The network indicated how background polymorphisms affect selection of resistance-associated mutations (blue arcs). As described in Materials and Methods, Bayesian inference was used on network variants each lacking a particular arc to determine how the network explains the lower prevalence of 30N versus 90M in subtypes G and A1, compared to subtype B. As the network variant without the arc between 30N and 89L lost most of this effect, this arc was used by the network to explain the effect. Thus 89L/30N exhibits a higher resistance or a higher replication capacity than 89M/30N. The fitness interaction between 89M and 30N has been confirmed using in vitro mutagenesis (Gonzalez et al., 2004; Abecasis et al., 2005).
Application of knowledge learned from the network
Despite the evidence for interactions between drug resistance mutations, linear models for predicting drug resistance are usually found to perform very well (Wang et al., 2004). This apparent contradiction is explained by considering that evolution does not select for unfavorable combinations of mutations, such as for example 88D without 30N. Therefore, these sequences are rarely seen, and thus a model may consider separate contributions of 30N and 88D to drug resistance. However, to predict therapy response, next to drug resistance phenotype, also evolution to drug resistance, quantified by the genetic barrier, is important (Vandamme and De Clercq, 2001). To calculate the genetic barrier, it is necessary to model constraints in evolution of resistance mutations (Beerenwinkel et al., 2005). In particular, the presence of polymorphisms or minor mutations at baseline may accelerate the selection of major resistance mutations and thus impact the genetic barrier.

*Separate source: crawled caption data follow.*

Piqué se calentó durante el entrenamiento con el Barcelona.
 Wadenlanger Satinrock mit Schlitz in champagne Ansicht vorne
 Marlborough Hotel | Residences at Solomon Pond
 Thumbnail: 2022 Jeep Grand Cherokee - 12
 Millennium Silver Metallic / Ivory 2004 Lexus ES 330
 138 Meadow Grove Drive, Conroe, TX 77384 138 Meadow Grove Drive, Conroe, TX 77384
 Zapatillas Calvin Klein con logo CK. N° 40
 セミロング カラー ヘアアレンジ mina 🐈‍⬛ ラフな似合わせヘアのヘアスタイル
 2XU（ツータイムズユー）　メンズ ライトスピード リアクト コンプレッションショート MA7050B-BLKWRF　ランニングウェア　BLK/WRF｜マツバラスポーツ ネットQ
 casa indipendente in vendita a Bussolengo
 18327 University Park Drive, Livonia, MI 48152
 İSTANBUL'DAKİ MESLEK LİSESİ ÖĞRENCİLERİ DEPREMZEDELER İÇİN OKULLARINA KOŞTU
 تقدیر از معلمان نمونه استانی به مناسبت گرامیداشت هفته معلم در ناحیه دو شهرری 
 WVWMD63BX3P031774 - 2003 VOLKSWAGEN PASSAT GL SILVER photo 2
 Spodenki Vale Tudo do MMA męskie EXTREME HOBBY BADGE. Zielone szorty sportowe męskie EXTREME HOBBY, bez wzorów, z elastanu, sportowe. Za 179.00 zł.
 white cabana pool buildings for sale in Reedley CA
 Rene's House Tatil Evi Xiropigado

A comparison of mutations before and after therapy is generally not considered to be conclusive evidence for a phenotypic or clinical role of a mutation. To evaluate the impact of compensatory secondary mutations using in vitro mutagenesis experiments it is necessary to consider the genetic context in which they contribute to resistance, which is indicated by the BN. This approach was used by Abecasis et al. (2005) to investigate the phenotypic role of mutations at position 89 in subtype G in a context of mutations at postions 71 and 90.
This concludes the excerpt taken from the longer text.